(Records contained in a dataset)
- - -
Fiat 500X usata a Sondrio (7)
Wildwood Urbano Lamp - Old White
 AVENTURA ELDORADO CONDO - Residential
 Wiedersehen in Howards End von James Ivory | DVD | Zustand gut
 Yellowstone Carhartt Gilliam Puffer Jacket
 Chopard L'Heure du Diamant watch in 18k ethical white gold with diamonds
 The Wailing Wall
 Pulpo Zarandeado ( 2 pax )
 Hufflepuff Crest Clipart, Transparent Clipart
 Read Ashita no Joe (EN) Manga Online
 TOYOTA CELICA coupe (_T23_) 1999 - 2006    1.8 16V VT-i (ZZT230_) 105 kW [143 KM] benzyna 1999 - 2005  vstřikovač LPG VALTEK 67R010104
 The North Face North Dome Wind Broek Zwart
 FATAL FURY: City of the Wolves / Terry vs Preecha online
- - -
What is wanted is every line above, written out exactly.

> [Result of this exercise]
Fiat 500X usata a Sondrio (7)
Wildwood Urbano Lamp - Old White
 AVENTURA ELDORADO CONDO - Residential
 Wiedersehen in Howards End von James Ivory | DVD | Zustand gut
 Yellowstone Carhartt Gilliam Puffer Jacket
 Chopard L'Heure du Diamant watch in 18k ethical white gold with diamonds
 The Wailing Wall
 Pulpo Zarandeado ( 2 pax )
 Hufflepuff Crest Clipart, Transparent Clipart
 Read Ashita no Joe (EN) Manga Online
 TOYOTA CELICA coupe (_T23_) 1999 - 2006    1.8 16V VT-i (ZZT230_) 105 kW [143 KM] benzyna 1999 - 2005  vstřikovač LPG VALTEK 67R010104
 The North Face North Dome Wind Broek Zwart
 FATAL FURY: City of the Wolves / Terry vs Preecha online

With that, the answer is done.